Task objective => Pull every line that includes the word "Size" from the data.

Given entries =>
= = = =
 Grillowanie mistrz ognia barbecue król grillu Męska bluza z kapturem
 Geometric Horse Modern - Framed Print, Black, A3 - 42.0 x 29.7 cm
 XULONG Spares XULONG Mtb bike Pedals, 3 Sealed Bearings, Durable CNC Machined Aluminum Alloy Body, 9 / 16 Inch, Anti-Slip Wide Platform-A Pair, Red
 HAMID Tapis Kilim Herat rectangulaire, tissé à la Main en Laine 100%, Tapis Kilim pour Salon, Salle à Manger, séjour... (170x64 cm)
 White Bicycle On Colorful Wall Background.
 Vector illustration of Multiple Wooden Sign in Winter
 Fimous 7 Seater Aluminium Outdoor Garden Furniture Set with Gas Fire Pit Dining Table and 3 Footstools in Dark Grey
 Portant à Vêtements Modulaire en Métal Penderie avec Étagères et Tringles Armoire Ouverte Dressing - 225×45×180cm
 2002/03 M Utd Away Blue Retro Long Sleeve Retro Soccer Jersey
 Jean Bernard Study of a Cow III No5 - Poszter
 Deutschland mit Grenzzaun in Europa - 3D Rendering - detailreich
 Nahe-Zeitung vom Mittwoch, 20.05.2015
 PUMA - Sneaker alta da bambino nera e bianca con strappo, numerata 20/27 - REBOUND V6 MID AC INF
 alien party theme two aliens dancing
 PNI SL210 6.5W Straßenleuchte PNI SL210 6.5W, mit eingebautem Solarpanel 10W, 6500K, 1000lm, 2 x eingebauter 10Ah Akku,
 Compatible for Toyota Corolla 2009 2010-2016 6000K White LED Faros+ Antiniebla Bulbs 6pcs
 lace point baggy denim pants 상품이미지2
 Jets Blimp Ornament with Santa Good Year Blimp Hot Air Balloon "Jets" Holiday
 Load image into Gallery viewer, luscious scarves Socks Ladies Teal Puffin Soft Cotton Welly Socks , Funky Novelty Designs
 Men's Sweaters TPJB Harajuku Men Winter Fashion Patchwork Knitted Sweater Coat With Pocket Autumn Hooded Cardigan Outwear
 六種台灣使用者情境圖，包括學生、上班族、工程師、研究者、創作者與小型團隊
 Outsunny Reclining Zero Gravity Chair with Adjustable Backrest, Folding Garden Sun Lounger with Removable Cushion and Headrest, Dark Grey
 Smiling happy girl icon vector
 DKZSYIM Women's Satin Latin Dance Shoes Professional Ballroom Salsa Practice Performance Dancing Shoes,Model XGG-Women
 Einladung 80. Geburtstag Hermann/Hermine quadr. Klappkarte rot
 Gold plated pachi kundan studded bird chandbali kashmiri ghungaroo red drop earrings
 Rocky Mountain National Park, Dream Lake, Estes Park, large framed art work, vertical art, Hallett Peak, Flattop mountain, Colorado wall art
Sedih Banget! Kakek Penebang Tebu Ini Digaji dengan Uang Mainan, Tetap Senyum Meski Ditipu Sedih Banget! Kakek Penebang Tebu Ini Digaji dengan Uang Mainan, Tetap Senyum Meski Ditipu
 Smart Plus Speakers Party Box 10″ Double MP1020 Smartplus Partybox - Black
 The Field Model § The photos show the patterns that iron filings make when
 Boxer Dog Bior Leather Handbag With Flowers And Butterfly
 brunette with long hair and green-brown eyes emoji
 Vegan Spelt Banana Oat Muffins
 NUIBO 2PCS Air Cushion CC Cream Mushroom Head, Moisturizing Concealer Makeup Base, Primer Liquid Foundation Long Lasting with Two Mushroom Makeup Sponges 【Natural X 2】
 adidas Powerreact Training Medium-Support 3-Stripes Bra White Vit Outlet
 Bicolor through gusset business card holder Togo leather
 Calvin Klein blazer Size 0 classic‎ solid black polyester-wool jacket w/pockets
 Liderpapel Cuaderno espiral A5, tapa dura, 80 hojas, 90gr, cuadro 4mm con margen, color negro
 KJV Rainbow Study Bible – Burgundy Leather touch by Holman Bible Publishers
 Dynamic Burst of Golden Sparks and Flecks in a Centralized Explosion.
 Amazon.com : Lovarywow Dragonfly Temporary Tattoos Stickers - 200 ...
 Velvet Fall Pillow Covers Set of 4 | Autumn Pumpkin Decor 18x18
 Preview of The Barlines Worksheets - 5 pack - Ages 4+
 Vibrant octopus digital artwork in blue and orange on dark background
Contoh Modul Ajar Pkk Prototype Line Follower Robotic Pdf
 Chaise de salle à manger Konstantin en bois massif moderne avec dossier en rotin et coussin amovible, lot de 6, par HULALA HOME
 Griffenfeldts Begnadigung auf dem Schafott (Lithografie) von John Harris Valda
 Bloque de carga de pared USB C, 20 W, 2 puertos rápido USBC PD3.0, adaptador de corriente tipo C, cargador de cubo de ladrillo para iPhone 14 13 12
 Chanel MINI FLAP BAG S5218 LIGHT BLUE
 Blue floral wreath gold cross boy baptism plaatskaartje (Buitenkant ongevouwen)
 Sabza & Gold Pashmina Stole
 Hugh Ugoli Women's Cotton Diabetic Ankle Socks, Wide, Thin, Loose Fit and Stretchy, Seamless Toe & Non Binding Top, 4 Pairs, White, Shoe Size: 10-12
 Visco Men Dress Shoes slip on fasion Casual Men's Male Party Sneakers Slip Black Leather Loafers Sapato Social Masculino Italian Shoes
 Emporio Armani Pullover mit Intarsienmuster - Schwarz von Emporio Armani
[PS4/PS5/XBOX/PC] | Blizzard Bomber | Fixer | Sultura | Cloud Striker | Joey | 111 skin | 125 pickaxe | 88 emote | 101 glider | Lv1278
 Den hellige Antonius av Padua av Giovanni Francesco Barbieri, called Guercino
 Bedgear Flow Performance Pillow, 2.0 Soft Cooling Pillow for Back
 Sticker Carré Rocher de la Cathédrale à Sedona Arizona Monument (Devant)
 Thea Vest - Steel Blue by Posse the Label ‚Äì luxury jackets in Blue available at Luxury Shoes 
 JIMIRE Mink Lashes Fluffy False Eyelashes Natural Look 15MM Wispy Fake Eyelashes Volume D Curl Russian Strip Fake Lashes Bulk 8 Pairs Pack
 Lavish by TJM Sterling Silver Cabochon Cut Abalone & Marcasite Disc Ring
= = = =
Written response =>
 Calvin Klein blazer Size 0 classic‎ solid black polyester-wool jacket w/pockets
 Hugh Ugoli Women's Cotton Diabetic Ankle Socks, Wide, Thin, Loose Fit and Stretchy, Seamless Toe & Non Binding Top, 4 Pairs, White, Shoe Size: 10-12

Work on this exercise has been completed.